Background information
- Born: 1978 (age 47–48) Inis Oírr, Aran Islands, Ireland
- Genres: Celtic Folk Electronica
- Occupations: Singer Flautist Pianist
- Years active: 2002–present
- Label: Machair Records
- Website: Official site Official Myspace site

= Muireann Nic Amhlaoibh =

Irish musician & singer (born 1978)

Muireann Nic Amhlaoibh (born 1978) is a musician and singer from County Kerry, Ireland. Until 2016, she was the lead singer for the traditional music group Danú, and from that year on she has been half of the electronica duo Aeons.

==Biography==

Muireann Nic Amhlaoibh grew up in Dún Chaoin in County Kerry, as well as on Inis Oírr, the smallest of the Aran Islands, and Cape Clear Island, another small island off the coast of County Cork. These communities are in Gaeltacht (Irish-speaking) areas and Nic Amhlaoibh's first language is Irish. This influenced her later career, due to her early exposure to Irish language song, especially in the sean-nós tradition. She began playing piano and fiddle at an early age before progressing to the whistle and, eventually, the flute. Nic Amhlaoibh's early musical experiences also included accompanying her father, traditional Irish fiddle player Feargal Mac Amhlaoibh, to sessions.

When Nic Amhlaoibh moved to the West Kerry Gaeltacht, she joined the national folk theatre of Ireland, Siamsa Tíre. During the six years she spent with them, she participated in several of their major performances. While in Kerry, her singing developed, learning and gaining influence from local singers such as the Begley family, Áine Ní Laoithe, and Eilín Ní Chearna. She spent four years in Dublin attending the Dún Laoghaire Institute of Art, Design and Technology, earning a diploma in fine art. She then studied at the University of Limerick and was awarded a Master of Arts in Traditional Music Performance.

==Recording==
Nic Amhlaoibh's first recordings were on a CD of Irish traditional music and song performed by Geantraí, a group of musicians who performed a show of the same name in the Skellig hotel in Dingle. She also recorded several CDs, including The Crooked Road by William Coulter, Cello by Barry Phillips, and several compilation CDs. As part of the requirements for her Master of Arts in Traditional Music Performance, Nic Amhlaoibh produced a solo album of tunes and songs entitled Réalt na Maidine/Morning Star. A limited edition of this album was distributed, mainly locally in Dingle, although copies were also sold in the United States and Europe.

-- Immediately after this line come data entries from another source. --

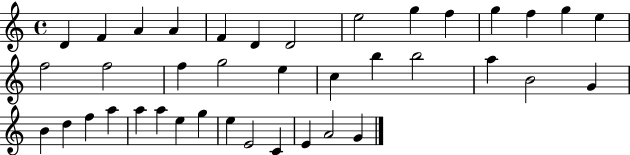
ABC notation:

X:1
T:Untitled
M:4/4
L:1/4
K:C
D F A A F D D2 e2 g f g f g e f2 f2 f g2 e c b b2 a B2 G B d f a a a e g e E2 C E A2 G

Nic Amhlaoibh joined the traditional Irish group Danú in 2003. Ciarán Ó Gealbháin, Danú's former lead singer, left the band in 2003, and Nic Amhlaoibh took over as singer and whistle player, occasionally joining band member Tom Doorley in playing the flute. She recorded her first album with Danú in 2003, called The Road Less Travelled. Danú recorded an album of solos in 2004 entitled Up in the Air, and Nic Amhlaoibh played and sang on three tracks. In 2005, the band released the album When All is Said and Done.

Nic Amhlaoibh participated in the project Hands Across the Water, a collaboration album with participation from dozens of high-profile traditional and folk musicians and singers. The proceeds of album sales going to victims of the tsunami in southeast Asia.

Nic Amhlaoibh released her first major solo CD in 2006, entitled Daybreak/Fáinne an Lae. It featured musicians such as Oisín Mc Auley and Éamonn Doorley from Danú, Gerry O Beirne, and John Doyle from Solas.

In 2008, Nic Amhlaoibh recorded Dual in Irish and Scottish Gaelic with Julie Fowlis, Éamonn Doorley (of Danú), and Ross Martin to highlight the many similarities and differences between Irish and Scottish Gaelic cultures. Dual was released in October 2008.

In 2016, Nic Amhlaoibh recorded the single Bealtaine as one-half of the electronica duo Aeons, together with Pádraig Rynne. Later that year, they proceeded to release a second single, An Fhuil, followed by a full album, Fís, in 2018.

==Television and radio==
Nic Amhlaoibh's television appearances include The Highland Sessions, a BBC Four television series featuring Irish and Scottish Gaelic music. Other television work includes The Late Late Show, Amuigh Faoin Spéir (Irish: "Out Under the Sky") (produced by Éamon de Buitléar), The History of Irish Dance, Léargas, Moving West, Fleadh Cheoil and An Ghaeilge Bheo. BBC Alba appearances include performing and co-presenting (with Julie Fowlis) Cuirm@Celtic and Dà-Fhillte.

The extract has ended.